But yes, I agree that policy decisions aren’t isolated in time. The fedgov employed about 4,000 people in 1802. I can’t find a cite for how many federal employees there were in 1900, but by 1939, there were 912,000. Cue FDR and there were suddenly 3,128,000 federal employees in 1943. Today, there’s about 2.8M federal employees. So, that’s one example of how a policy decision about 80 years ago has continued to have repercussions today.

But that’s not to say that govt handouts are the way for anyone to climb the ladder of success. If anything, govt handouts do the opposite— just look at any inner city; looks at “The Projects”; look at S8 apartments; and so on.

When KH is talking about a government organization that hasn’t existed since the Eisenhower admin in the present tense… that’s a little disingenuous. Because it wasn’t the only lender in town-- it was just the lending arm of the federal government, for a specific type of loan.

And the handouts weren’t “sign up for your white people benefits”; the benefits were “the country is in a depression and we want to see what we can do to get things running again.” (We can agree that FDR was a terrible racist, and we can agree that the New Deal prolonged the Great Depression unnecessarily, if you like.) And so, like many government gifts, they came with strings attached instead of simply being free money-- like, “it has to be a nonfarm home” and “it can’t be worth more than $20,000”, just as much as “it can’t be in this high-risk neighborhood”. And even so, the HOLC still managed to foreclose on one out of every five homes it lended on.

But chances are, you weren’t paying attention during that 1933-1935 period when the HOLC was giving out its million or so loans. But surely you were paying attention during the subprime mortgage crisis, which was another government program via the Community Reinvestment Act, designed to give homeownership opportunities to people who didn’t have the resources to be successful homeowners, by softening the requirements— like ditching the usual “20% down payment” in favor of “awww, life has been hard for you, so you only need to come up with a 3% down payment” (by 1995) or “awww, I see how the deck is stacked against you-- you can have a 0% down payment.” (by 2000). Freddie Mac was all, like, “Bad credit? No problem! Irregular job history? No problem! Low income? No problem!” And it eventually expanded its risky loans to 50% of its portfolio from its former 30%.

So— instead of helping the poor and minorities, ultimately, it sent tons of people over the edge into bankruptcy. (About 12M filed bankruptcy between 2006-2016. Yeah, not all of them were related to the housing crisis… but a lot were.)

And that’s generally how it goes when the govt starts doing social engineering.
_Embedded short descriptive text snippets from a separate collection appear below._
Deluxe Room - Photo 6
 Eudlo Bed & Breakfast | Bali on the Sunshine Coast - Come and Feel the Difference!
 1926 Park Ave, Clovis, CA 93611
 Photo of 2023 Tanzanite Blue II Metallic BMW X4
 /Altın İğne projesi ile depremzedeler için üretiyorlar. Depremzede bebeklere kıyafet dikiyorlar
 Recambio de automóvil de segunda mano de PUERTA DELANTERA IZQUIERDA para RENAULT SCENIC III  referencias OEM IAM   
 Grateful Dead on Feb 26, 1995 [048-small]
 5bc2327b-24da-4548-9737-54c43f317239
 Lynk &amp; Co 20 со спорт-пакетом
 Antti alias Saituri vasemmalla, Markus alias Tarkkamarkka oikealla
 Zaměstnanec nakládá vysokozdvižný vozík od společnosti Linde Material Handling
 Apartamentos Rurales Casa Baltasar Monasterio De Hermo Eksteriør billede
Because they’re good at coming up with abstract ideas in the professor’s lounge or in meeting rooms— but those ideas don’t work out in the face of the infinite variables associated with Real People, Real Lives.
 
Again, I question whether Harris has any real knowledge of real estate lending. Most lending is done by insured lenders and/or the mortgages are sold to a number of securitizers (like FNMA or FHLMC) that are government contractors in one way or another. They are specifically forbidden to redline, and their regulators search very carefully to see whether they are doing it or not. It’s impossible to hide it because you either make loans within the designated areas or you don’t. And they make quite a study of whether the terms and rates are the same in “minority” areas as in “non-minority” areas.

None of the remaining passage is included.